Il n’est donc pas trop aventureux de dire que cette pratique (qu’on pourrait croire illogique) de l’objet, dans sa spécificité d’entre deux rives (sculpture ou pas sculpture, objet ou pas objet, sujet ou image), s’immisce quelque part entre la trivialité immédiate de l’objet en soi et un mode (un monde) de représentation qui jouit d’une dualité difficilement démélable. Il y a à la fois de la Vanité (pensée sur la durée infime du monde d’ici-bas, en tant que genre plus souvent pictural que sculptural), du design, de l’installation, de la nature morte et du trompe-l’oeil dans ces propositions multiples.
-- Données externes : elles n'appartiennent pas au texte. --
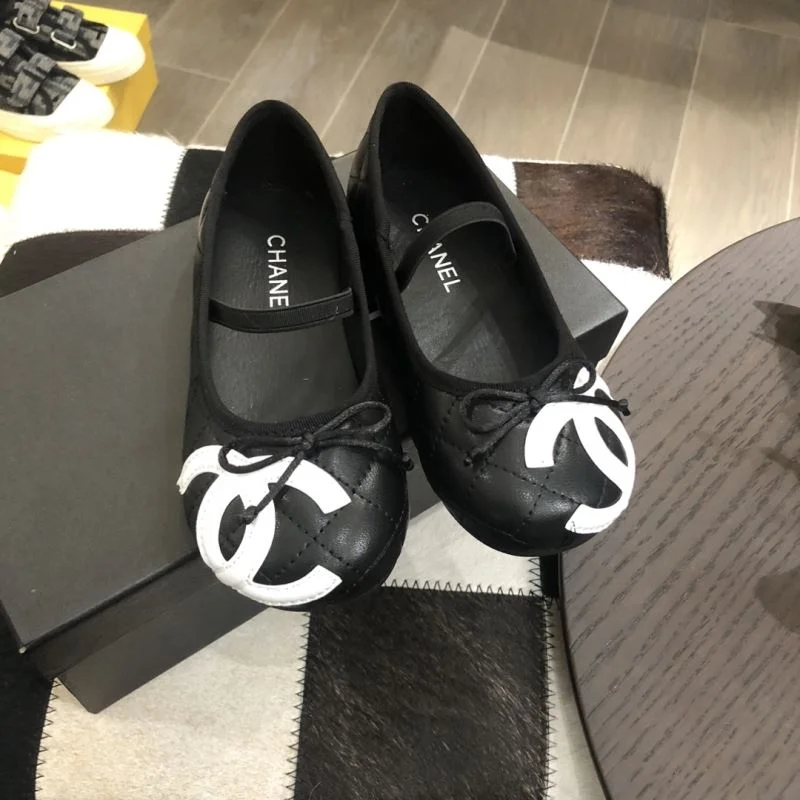 CHANEL SHOES ModernLook 29858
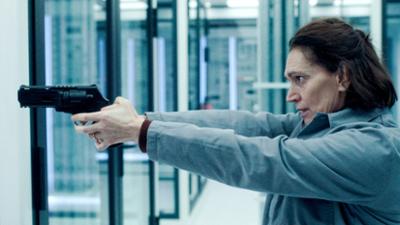 Arcadia - Du bekommst was du verdienst: Folge 8: Score Null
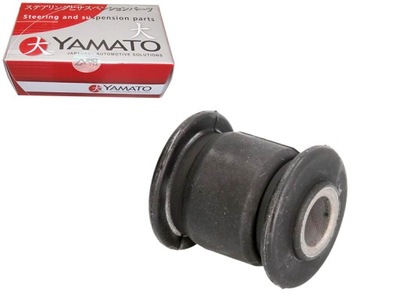 Yamato втулка рычага 4630052d00 фото №1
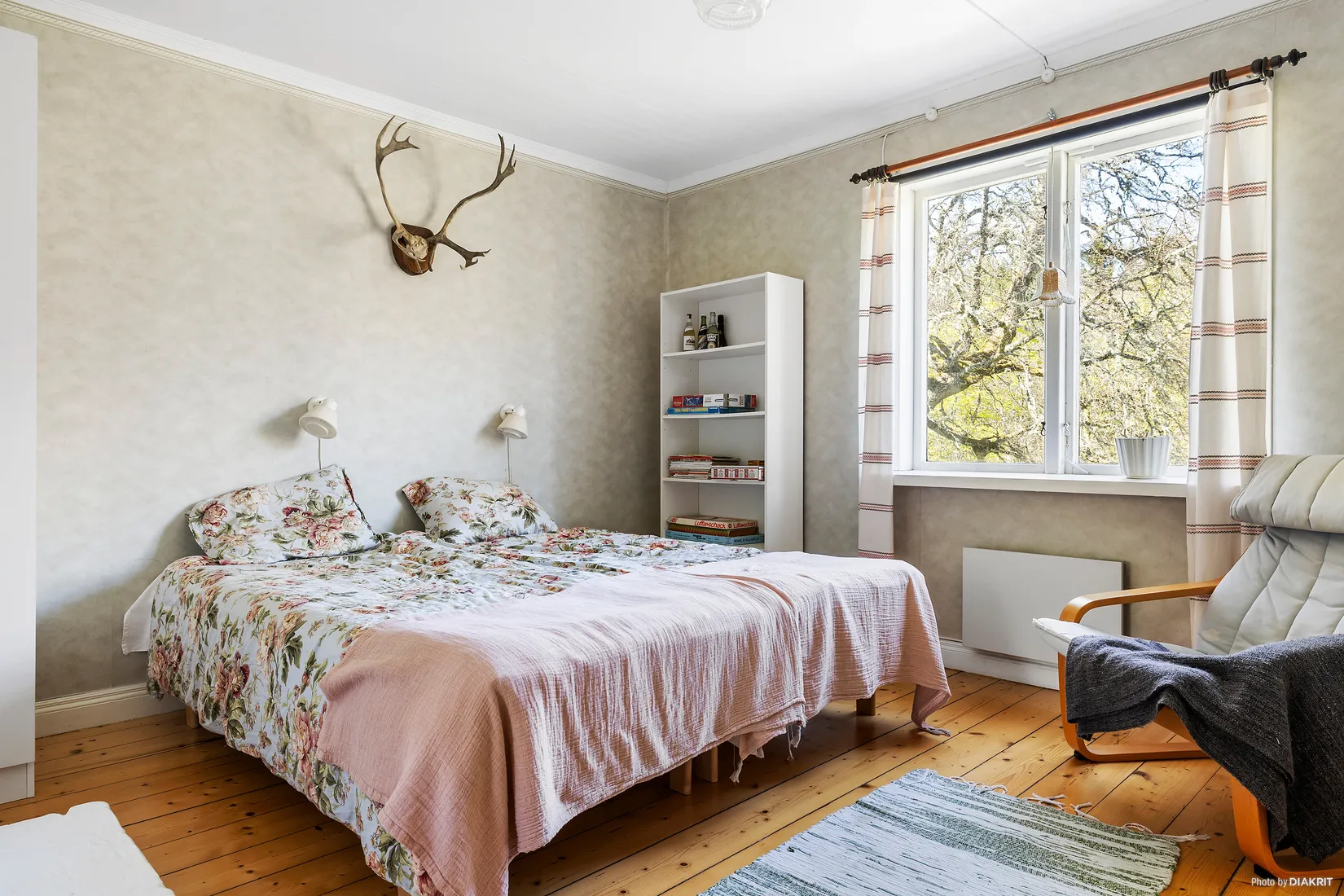 Villa, Ollestad Getlanda 1, Herrljunga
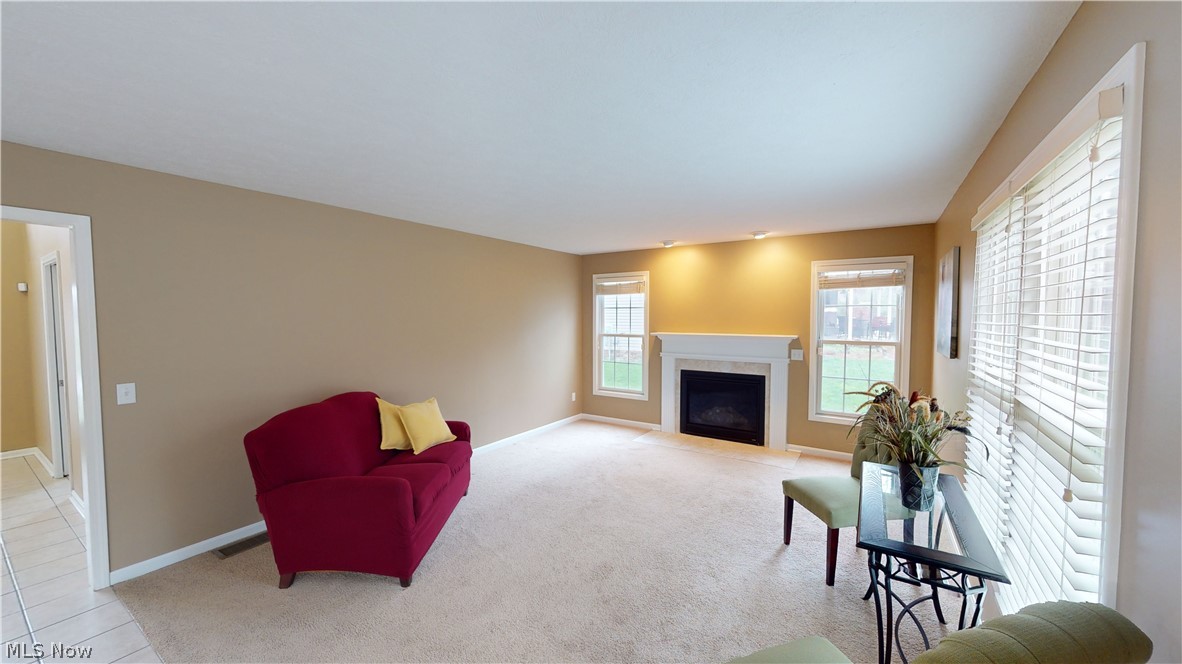 River Bend East - Residential
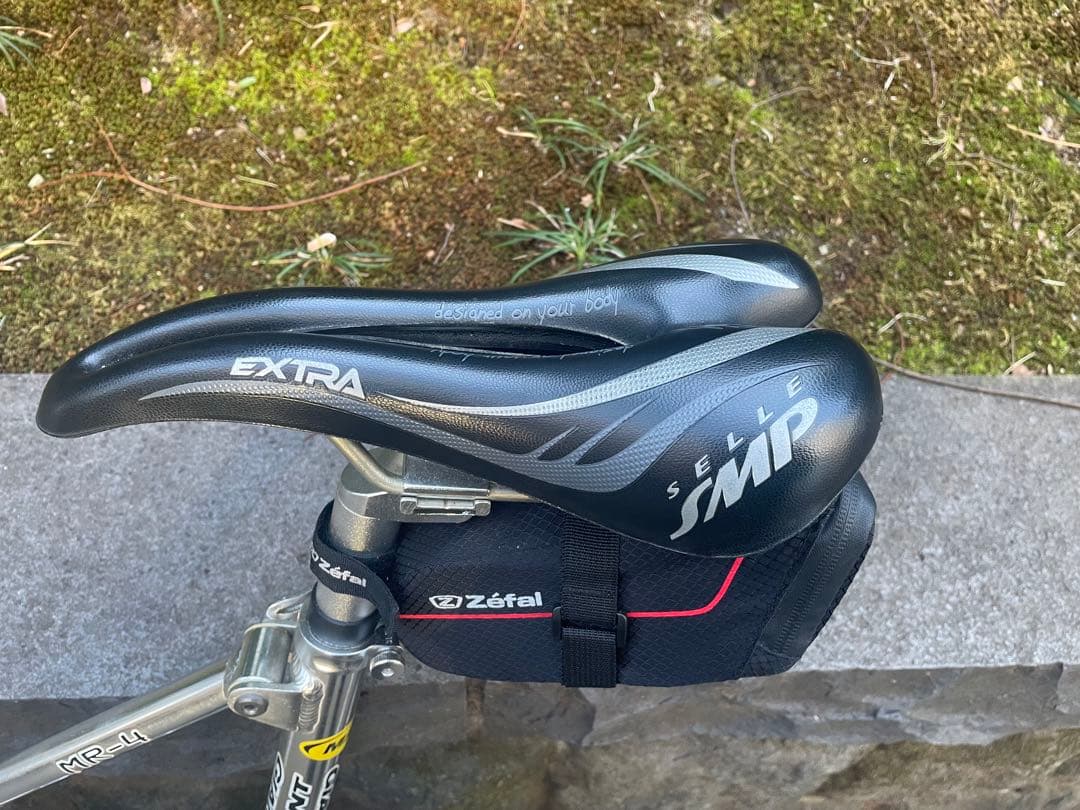 引き取り限定（東京都文京区） ジャイアント MR4 絶版 折りたたみ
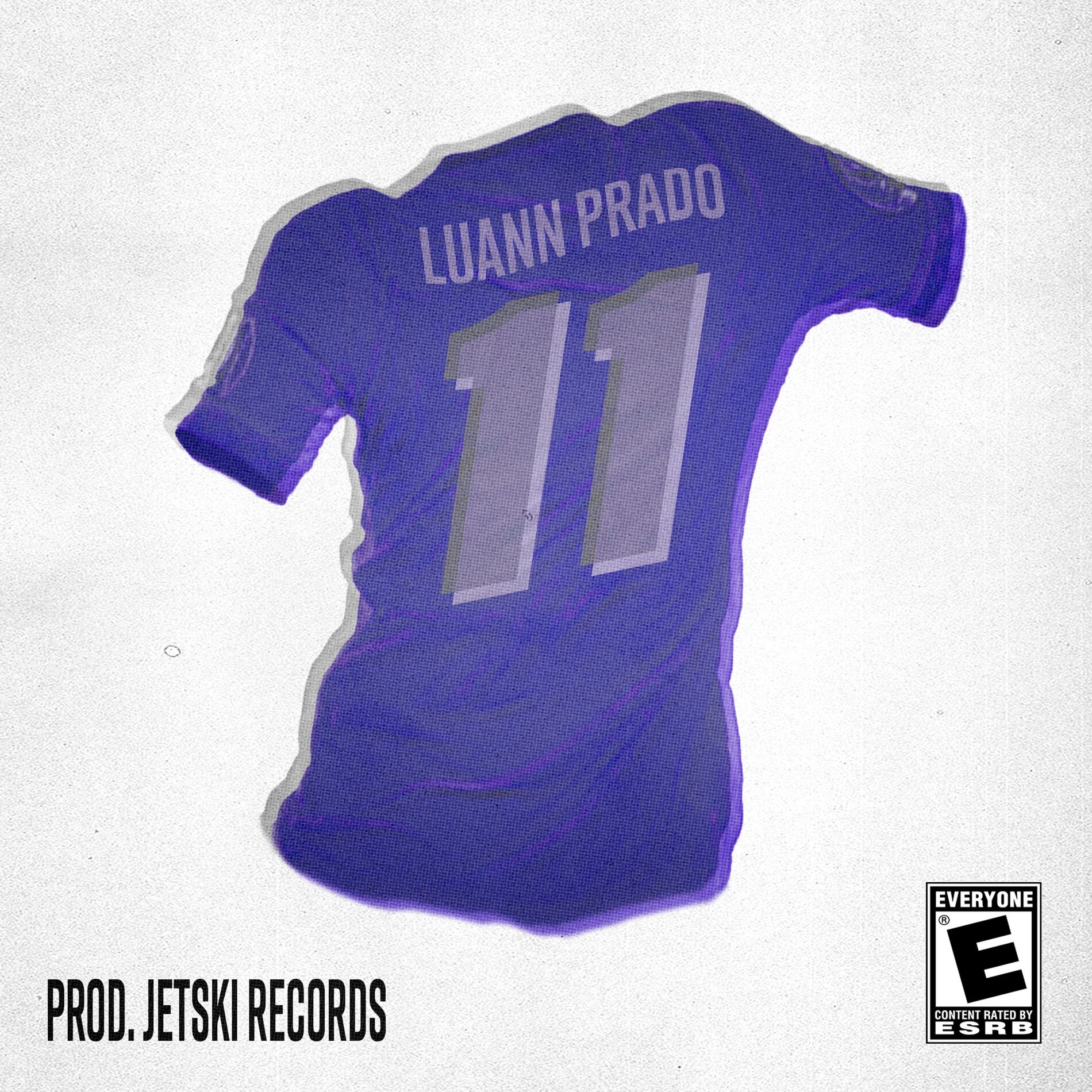 Album cover of Camisa 11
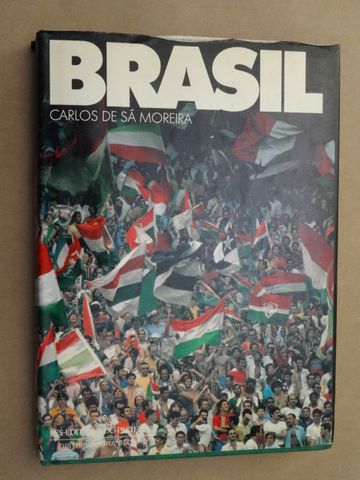 Brasil de Carlos de Sá Moreira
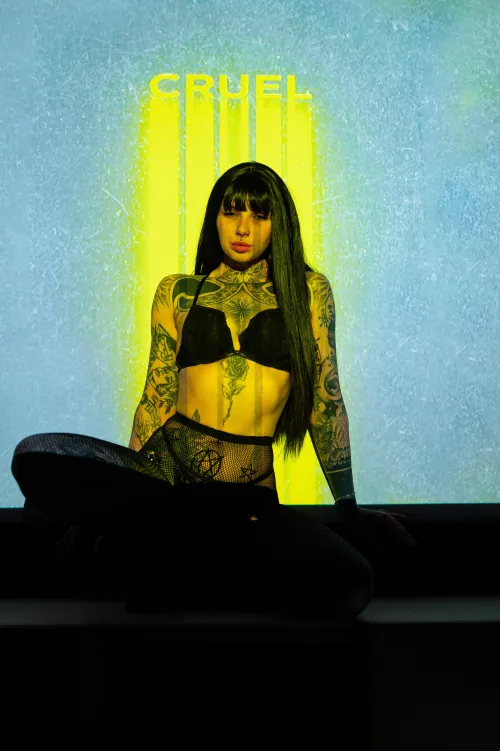 London UK Feb 27th / Bristol March 1st & 2nd / Manchester March 3rd-5th by Blazed_Bratt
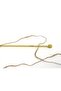 (4 Pcs the 100g.) Linen Viscot Linen, Cotton, Viscose 4 Pack - 3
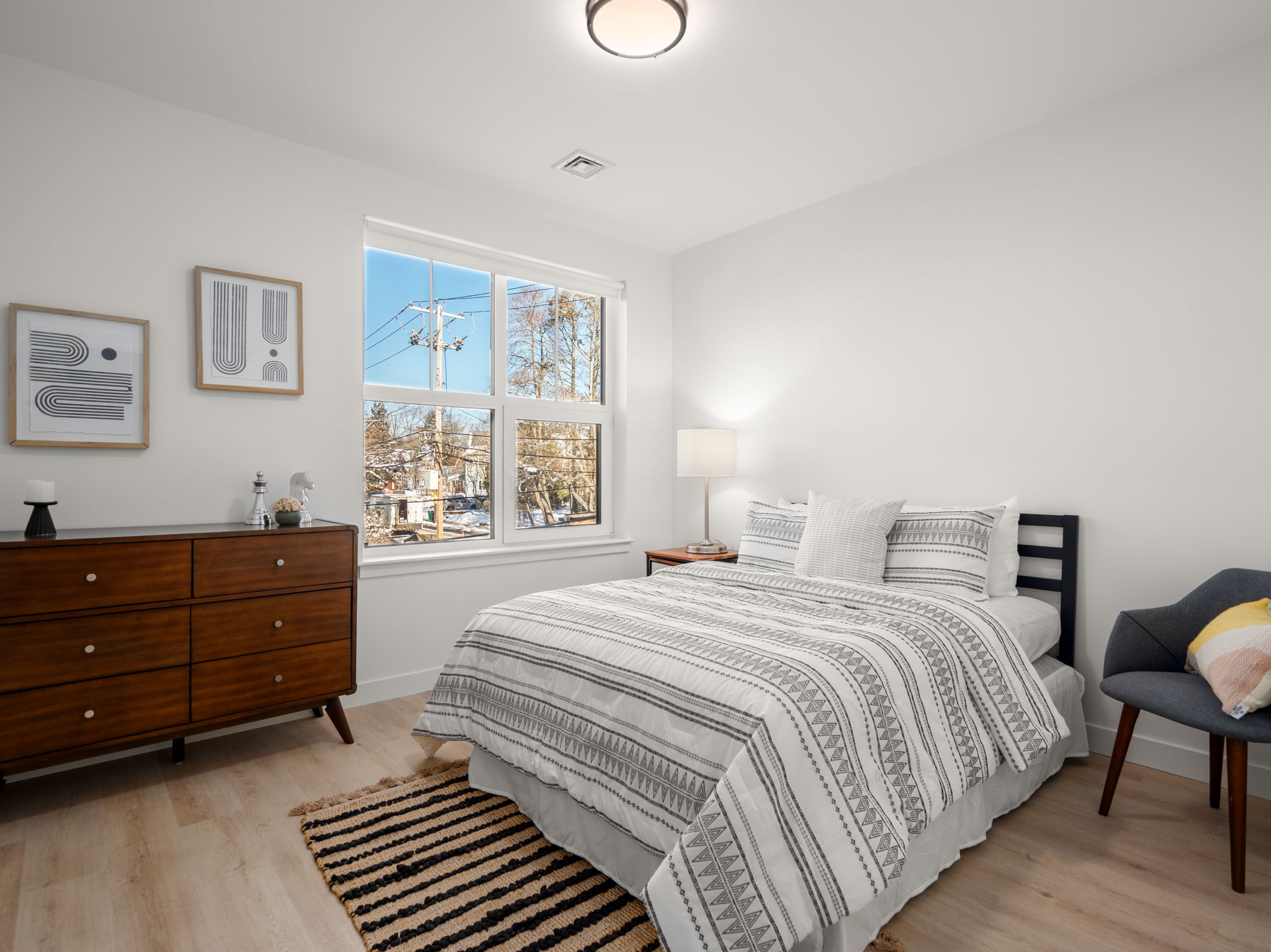  1151 Walnut, Unit 201, Newton, MA, 02461 - 物件實景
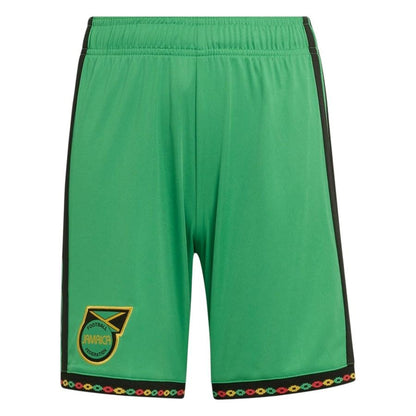 Maillot Jamaique x Bob Marley Kit Enfant Domicile 2026 2027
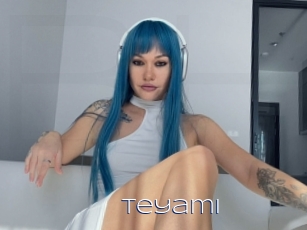 Teyami
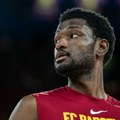 Čimezi Metu oduševio Delije: Kakve reči o Zvezdi bivšeg NBA asa, jednog od najboljih slobodnih igrača Evrolige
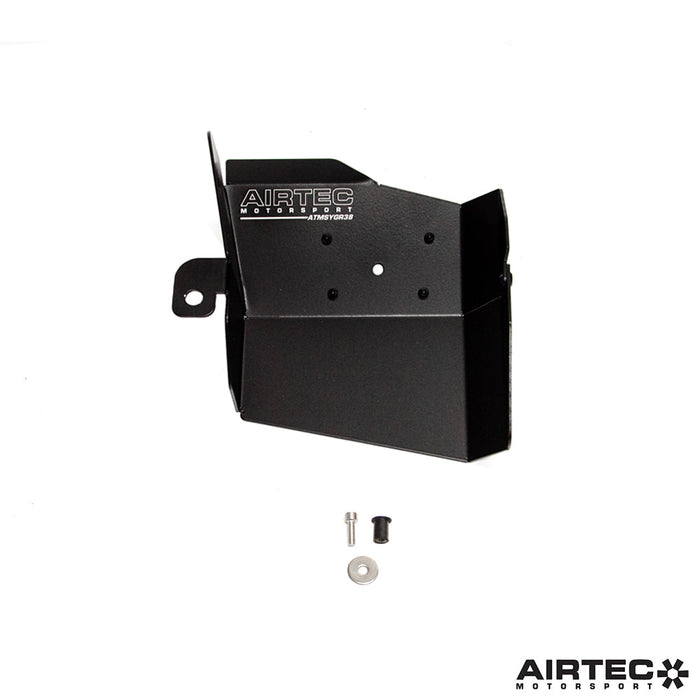 AIRTEC Motorsport Secondary Front Air Feed for Toyota Yaris GR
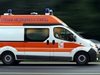 Трима мъже и бебе са в болница след катастрофа на автомагистрала „Хемус”
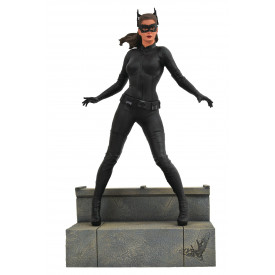 Batman - Figurine Catwoman The Dark Knight Rises DC Movie Gallery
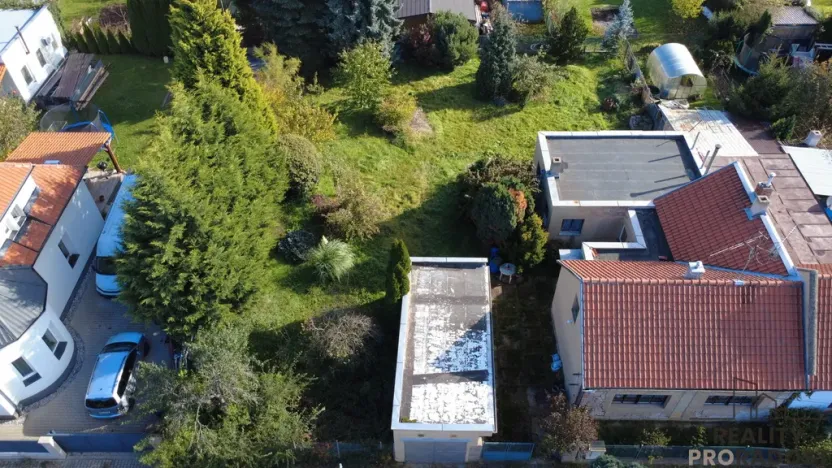 Prodej rodinného domu, Kralupy nad Vltavou, Lidická, 100 m2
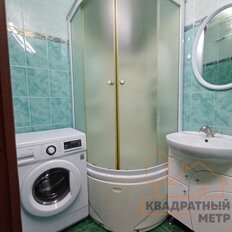 Квартира 45,6 м², 2-комнатная - изображение 5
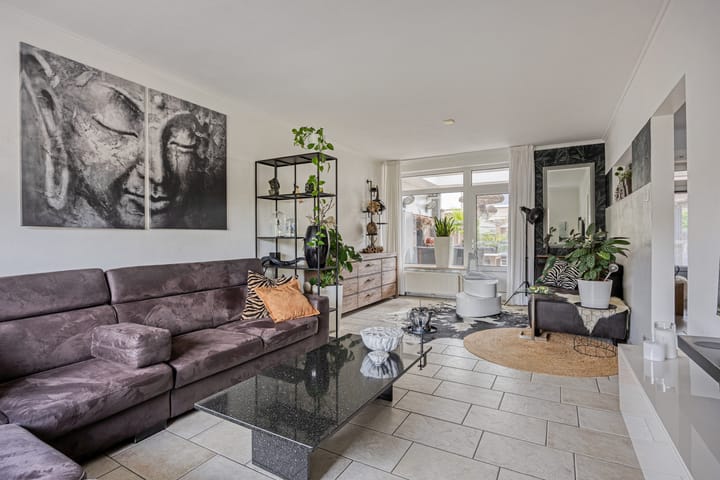 Foto 3 van Daalplein 8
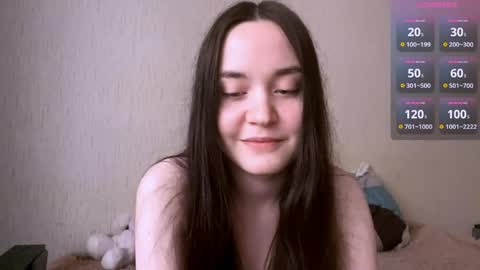Snapshot of aetherlynn chatting on April 23, 1:02 pm Arielle online show from April 23, 1:02 pm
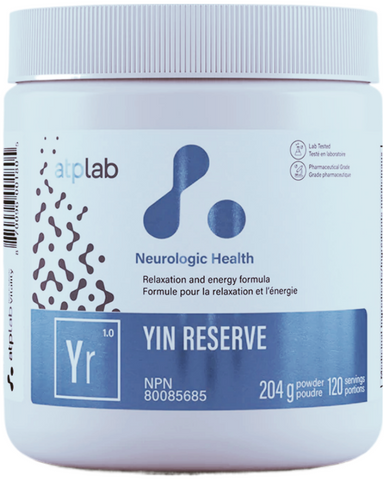 ATP Lab Yin Reserve (204g)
Alors qu’on aurait pu penser que la technique (et l’objet même du trompe-l’oeil qui est de faire apparaître une image en deux dimensions comme tridimensionnelle, une image reconstituée comme une image constitutive) appartenait définitivement au passé, battue en brèche par d’autres fabrications plus contemporaines (de la vidéo à l’image infographique) qui auraient rendu caduques les prétentions que s’était fixé Gérard Fabre à partir d’une certaine idée du décoratif.
Si la sculpture de Gérard Fabre, dans son éclatement tout azimut et ses transformations (de l’ironie à la destruction, du minimal à l’emphase) ressemble à s’y méprendre à notre début de siècle, il ne faut pas lui en faire grief. Au contraire, c’est un signe de santé et de lucidité que de faire oeuvre au présent, sans céder aux demandes de plus en plus pressantes pour que l’art (peinture et sculpture en particulier) reviennent dans le giron d’un ordre sociologique ou historicisant. Les lignes divergentes que l’on croirait débusquer dans ses pratiques arborescentes appartiennent toutes au vocabulaire du sculpteur. On s’en convaincra en ouvrant au sein même de ce texte un mini dictionnaire de la sculpture. Qui tendrait à prouver que Fabre est un classique dont l’idée première était de s’incarner dans une sculpture classique, qu’il a fini par dévier, contourner, chantourner et sans doute, aussi, dévoyer.